#### [Work to be completed]
Repeat each entry verbatim.
-- The input follows --
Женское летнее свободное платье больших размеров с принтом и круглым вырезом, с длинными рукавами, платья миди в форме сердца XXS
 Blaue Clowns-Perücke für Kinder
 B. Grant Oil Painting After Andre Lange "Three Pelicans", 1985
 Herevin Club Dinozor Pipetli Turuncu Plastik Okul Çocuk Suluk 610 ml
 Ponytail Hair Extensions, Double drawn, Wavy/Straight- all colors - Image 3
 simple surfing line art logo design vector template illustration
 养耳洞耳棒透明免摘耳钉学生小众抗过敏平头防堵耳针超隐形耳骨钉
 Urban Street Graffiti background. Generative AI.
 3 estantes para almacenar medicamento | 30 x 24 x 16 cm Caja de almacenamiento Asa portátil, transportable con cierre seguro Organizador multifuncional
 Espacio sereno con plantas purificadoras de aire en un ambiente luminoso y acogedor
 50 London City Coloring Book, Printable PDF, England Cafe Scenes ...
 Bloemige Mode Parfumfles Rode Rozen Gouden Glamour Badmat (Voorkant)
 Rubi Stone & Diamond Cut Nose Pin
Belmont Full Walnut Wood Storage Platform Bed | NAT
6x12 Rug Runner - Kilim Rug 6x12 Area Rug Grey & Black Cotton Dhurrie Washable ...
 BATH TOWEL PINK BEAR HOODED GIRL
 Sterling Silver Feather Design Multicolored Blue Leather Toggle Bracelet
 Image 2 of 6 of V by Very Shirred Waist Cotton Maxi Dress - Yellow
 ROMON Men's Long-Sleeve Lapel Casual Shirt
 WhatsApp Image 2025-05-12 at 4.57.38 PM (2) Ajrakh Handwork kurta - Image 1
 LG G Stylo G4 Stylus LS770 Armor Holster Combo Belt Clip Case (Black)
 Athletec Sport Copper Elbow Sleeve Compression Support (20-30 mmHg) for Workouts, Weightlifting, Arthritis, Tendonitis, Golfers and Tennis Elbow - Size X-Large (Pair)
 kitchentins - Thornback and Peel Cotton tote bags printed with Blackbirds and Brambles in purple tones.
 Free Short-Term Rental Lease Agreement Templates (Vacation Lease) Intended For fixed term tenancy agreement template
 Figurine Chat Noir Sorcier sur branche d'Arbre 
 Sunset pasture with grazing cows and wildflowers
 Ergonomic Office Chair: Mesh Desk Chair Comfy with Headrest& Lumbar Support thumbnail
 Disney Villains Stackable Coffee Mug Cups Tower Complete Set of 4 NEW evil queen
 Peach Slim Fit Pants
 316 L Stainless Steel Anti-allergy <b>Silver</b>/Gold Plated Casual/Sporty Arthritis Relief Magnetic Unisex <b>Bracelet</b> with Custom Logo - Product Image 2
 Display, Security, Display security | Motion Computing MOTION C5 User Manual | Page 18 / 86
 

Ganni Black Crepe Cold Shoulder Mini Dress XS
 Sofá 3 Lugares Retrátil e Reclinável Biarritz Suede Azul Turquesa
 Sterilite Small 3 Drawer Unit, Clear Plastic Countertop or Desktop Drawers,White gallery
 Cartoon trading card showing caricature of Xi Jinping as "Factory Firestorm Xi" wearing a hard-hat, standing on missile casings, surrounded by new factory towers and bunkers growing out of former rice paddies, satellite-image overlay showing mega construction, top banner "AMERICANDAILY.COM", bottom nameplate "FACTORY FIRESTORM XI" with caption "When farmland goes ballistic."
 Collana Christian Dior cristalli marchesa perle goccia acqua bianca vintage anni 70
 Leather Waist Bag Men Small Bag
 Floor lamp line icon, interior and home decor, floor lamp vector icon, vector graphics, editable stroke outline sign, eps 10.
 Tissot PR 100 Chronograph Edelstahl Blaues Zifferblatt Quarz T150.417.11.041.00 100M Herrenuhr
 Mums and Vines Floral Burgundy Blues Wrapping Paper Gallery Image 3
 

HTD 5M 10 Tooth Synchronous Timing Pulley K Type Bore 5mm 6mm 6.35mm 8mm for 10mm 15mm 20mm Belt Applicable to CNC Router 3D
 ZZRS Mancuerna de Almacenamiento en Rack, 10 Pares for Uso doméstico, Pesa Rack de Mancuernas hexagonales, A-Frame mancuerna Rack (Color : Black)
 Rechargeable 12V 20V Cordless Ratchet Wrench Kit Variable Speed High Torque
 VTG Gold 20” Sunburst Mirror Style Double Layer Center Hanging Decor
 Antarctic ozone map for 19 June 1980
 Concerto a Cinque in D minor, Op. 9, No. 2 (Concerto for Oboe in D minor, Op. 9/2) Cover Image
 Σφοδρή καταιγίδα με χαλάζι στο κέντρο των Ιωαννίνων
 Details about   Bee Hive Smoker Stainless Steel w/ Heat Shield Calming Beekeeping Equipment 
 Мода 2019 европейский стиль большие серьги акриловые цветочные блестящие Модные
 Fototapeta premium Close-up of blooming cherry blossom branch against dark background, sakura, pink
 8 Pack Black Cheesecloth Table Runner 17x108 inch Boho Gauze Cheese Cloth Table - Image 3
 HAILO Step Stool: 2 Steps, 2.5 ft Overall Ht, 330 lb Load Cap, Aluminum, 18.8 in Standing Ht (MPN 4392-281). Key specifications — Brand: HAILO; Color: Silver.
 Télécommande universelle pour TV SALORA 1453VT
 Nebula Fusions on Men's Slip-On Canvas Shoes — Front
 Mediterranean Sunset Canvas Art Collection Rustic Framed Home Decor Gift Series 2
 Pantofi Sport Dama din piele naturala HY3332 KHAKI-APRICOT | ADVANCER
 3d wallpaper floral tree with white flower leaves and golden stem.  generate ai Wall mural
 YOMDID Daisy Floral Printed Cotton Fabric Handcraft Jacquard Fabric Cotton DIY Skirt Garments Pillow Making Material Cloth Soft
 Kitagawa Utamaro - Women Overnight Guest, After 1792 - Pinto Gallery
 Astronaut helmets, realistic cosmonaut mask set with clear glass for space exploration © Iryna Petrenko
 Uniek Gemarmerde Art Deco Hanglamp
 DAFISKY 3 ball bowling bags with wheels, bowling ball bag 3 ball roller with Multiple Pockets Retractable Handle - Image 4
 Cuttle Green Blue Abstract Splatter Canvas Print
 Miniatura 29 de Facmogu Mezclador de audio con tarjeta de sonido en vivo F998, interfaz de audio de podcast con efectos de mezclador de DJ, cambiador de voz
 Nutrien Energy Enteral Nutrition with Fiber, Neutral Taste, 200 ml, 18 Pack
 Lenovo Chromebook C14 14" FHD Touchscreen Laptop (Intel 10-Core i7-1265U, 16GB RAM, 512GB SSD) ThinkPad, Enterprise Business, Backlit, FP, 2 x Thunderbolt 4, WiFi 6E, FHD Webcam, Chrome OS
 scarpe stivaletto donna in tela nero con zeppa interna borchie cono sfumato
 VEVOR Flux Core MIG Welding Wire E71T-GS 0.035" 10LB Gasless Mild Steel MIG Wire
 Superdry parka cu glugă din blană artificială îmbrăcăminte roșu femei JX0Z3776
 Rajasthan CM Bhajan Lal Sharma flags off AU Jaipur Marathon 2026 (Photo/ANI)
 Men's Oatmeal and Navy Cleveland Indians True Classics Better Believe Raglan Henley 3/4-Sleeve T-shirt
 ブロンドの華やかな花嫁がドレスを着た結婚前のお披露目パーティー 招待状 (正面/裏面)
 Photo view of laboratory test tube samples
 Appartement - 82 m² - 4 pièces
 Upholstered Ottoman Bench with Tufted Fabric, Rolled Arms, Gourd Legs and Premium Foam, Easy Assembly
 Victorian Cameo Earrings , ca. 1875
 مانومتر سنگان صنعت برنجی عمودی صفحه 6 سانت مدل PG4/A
-- The input concluded --
#### [Answer box]
Женское летнее свободное платье больших размеров с принтом и круглым вырезом, с длинными рукавами, платья миди в форме сердца XXS
 Blaue Clowns-Perücke für Kinder
 B. Grant Oil Painting After Andre Lange "Three Pelicans", 1985
 Herevin Club Dinozor Pipetli Turuncu Plastik Okul Çocuk Suluk 610 ml
 Ponytail Hair Extensions, Double drawn, Wavy/Straight- all colors - Image 3
 simple surfing line art logo design vector template illustration
 养耳洞耳棒透明免摘耳钉学生小众抗过敏平头防堵耳针超隐形耳骨钉
 Urban Street Graffiti background. Generative AI.
 3 estantes para almacenar medicamento | 30 x 24 x 16 cm Caja de almacenamiento Asa portátil, transportable con cierre seguro Organizador multifuncional
 Espacio sereno con plantas purificadoras de aire en un ambiente luminoso y acogedor
 50 London City Coloring Book, Printable PDF, England Cafe Scenes ...
 Bloemige Mode Parfumfles Rode Rozen Gouden Glamour Badmat (Voorkant)
 Rubi Stone & Diamond Cut Nose Pin
Belmont Full Walnut Wood Storage Platform Bed | NAT
6x12 Rug Runner - Kilim Rug 6x12 Area Rug Grey & Black Cotton Dhurrie Washable ...
 BATH TOWEL PINK BEAR HOODED GIRL
 Sterling Silver Feather Design Multicolored Blue Leather Toggle Bracelet
 Image 2 of 6 of V by Very Shirred Waist Cotton Maxi Dress - Yellow
 ROMON Men's Long-Sleeve Lapel Casual Shirt
 WhatsApp Image 2025-05-12 at 4.57.38 PM (2) Ajrakh Handwork kurta - Image 1
 LG G Stylo G4 Stylus LS770 Armor Holster Combo Belt Clip Case (Black)
 Athletec Sport Copper Elbow Sleeve Compression Support (20-30 mmHg) for Workouts, Weightlifting, Arthritis, Tendonitis, Golfers and Tennis Elbow - Size X-Large (Pair)
 kitchentins - Thornback and Peel Cotton tote bags printed with Blackbirds and Brambles in purple tones.
 Free Short-Term Rental Lease Agreement Templates (Vacation Lease) Intended For fixed term tenancy agreement template
 Figurine Chat Noir Sorcier sur branche d'Arbre 
 Sunset pasture with grazing cows and wildflowers
 Ergonomic Office Chair: Mesh Desk Chair Comfy with Headrest& Lumbar Support thumbnail
 Disney Villains Stackable Coffee Mug Cups Tower Complete Set of 4 NEW evil queen
 Peach Slim Fit Pants
 316 L Stainless Steel Anti-allergy <b>Silver</b>/Gold Plated Casual/Sporty Arthritis Relief Magnetic Unisex <b>Bracelet</b> with Custom Logo - Product Image 2
 Display, Security, Display security | Motion Computing MOTION C5 User Manual | Page 18 / 86
 

Ganni Black Crepe Cold Shoulder Mini Dress XS
 Sofá 3 Lugares Retrátil e Reclinável Biarritz Suede Azul Turquesa
 Sterilite Small 3 Drawer Unit, Clear Plastic Countertop or Desktop Drawers,White gallery
 Cartoon trading card showing caricature of Xi Jinping as "Factory Firestorm Xi" wearing a hard-hat, standing on missile casings, surrounded by new factory towers and bunkers growing out of former rice paddies, satellite-image overlay showing mega construction, top banner "AMERICANDAILY.COM", bottom nameplate "FACTORY FIRESTORM XI" with caption "When farmland goes ballistic."
 Collana Christian Dior cristalli marchesa perle goccia acqua bianca vintage anni 70
 Leather Waist Bag Men Small Bag
 Floor lamp line icon, interior and home decor, floor lamp vector icon, vector graphics, editable stroke outline sign, eps 10.
 Tissot PR 100 Chronograph Edelstahl Blaues Zifferblatt Quarz T150.417.11.041.00 100M Herrenuhr
 Mums and Vines Floral Burgundy Blues Wrapping Paper Gallery Image 3
 

HTD 5M 10 Tooth Synchronous Timing Pulley K Type Bore 5mm 6mm 6.35mm 8mm for 10mm 15mm 20mm Belt Applicable to CNC Router 3D
 ZZRS Mancuerna de Almacenamiento en Rack, 10 Pares for Uso doméstico, Pesa Rack de Mancuernas hexagonales, A-Frame mancuerna Rack (Color : Black)
 Rechargeable 12V 20V Cordless Ratchet Wrench Kit Variable Speed High Torque
 VTG Gold 20” Sunburst Mirror Style Double Layer Center Hanging Decor
 Antarctic ozone map for 19 June 1980
 Concerto a Cinque in D minor, Op. 9, No. 2 (Concerto for Oboe in D minor, Op. 9/2) Cover Image
 Σφοδρή καταιγίδα με χαλάζι στο κέντρο των Ιωαννίνων
 Details about   Bee Hive Smoker Stainless Steel w/ Heat Shield Calming Beekeeping Equipment 
 Мода 2019 европейский стиль большие серьги акриловые цветочные блестящие Модные
 Fototapeta premium Close-up of blooming cherry blossom branch against dark background, sakura, pink
 8 Pack Black Cheesecloth Table Runner 17x108 inch Boho Gauze Cheese Cloth Table - Image 3
 HAILO Step Stool: 2 Steps, 2.5 ft Overall Ht, 330 lb Load Cap, Aluminum, 18.8 in Standing Ht (MPN 4392-281). Key specifications — Brand: HAILO; Color: Silver.
 Télécommande universelle pour TV SALORA 1453VT
 Nebula Fusions on Men's Slip-On Canvas Shoes — Front
 Mediterranean Sunset Canvas Art Collection Rustic Framed Home Decor Gift Series 2
 Pantofi Sport Dama din piele naturala HY3332 KHAKI-APRICOT | ADVANCER
 3d wallpaper floral tree with white flower leaves and golden stem.  generate ai Wall mural
 YOMDID Daisy Floral Printed Cotton Fabric Handcraft Jacquard Fabric Cotton DIY Skirt Garments Pillow Making Material Cloth Soft
 Kitagawa Utamaro - Women Overnight Guest, After 1792 - Pinto Gallery
 Astronaut helmets, realistic cosmonaut mask set with clear glass for space exploration © Iryna Petrenko
 Uniek Gemarmerde Art Deco Hanglamp
 DAFISKY 3 ball bowling bags with wheels, bowling ball bag 3 ball roller with Multiple Pockets Retractable Handle - Image 4
 Cuttle Green Blue Abstract Splatter Canvas Print
 Miniatura 29 de Facmogu Mezclador de audio con tarjeta de sonido en vivo F998, interfaz de audio de podcast con efectos de mezclador de DJ, cambiador de voz
 Nutrien Energy Enteral Nutrition with Fiber, Neutral Taste, 200 ml, 18 Pack
 Lenovo Chromebook C14 14" FHD Touchscreen Laptop (Intel 10-Core i7-1265U, 16GB RAM, 512GB SSD) ThinkPad, Enterprise Business, Backlit, FP, 2 x Thunderbolt 4, WiFi 6E, FHD Webcam, Chrome OS
 scarpe stivaletto donna in tela nero con zeppa interna borchie cono sfumato
 VEVOR Flux Core MIG Welding Wire E71T-GS 0.035" 10LB Gasless Mild Steel MIG Wire
 Superdry parka cu glugă din blană artificială îmbrăcăminte roșu femei JX0Z3776
 Rajasthan CM Bhajan Lal Sharma flags off AU Jaipur Marathon 2026 (Photo/ANI)
 Men's Oatmeal and Navy Cleveland Indians True Classics Better Believe Raglan Henley 3/4-Sleeve T-shirt
 ブロンドの華やかな花嫁がドレスを着た結婚前のお披露目パーティー 招待状 (正面/裏面)
 Photo view of laboratory test tube samples
 Appartement - 82 m² - 4 pièces
 Upholstered Ottoman Bench with Tufted Fabric, Rolled Arms, Gourd Legs and Premium Foam, Easy Assembly
 Victorian Cameo Earrings , ca. 1875
 مانومتر سنگان صنعت برنجی عمودی صفحه 6 سانت مدل PG4/A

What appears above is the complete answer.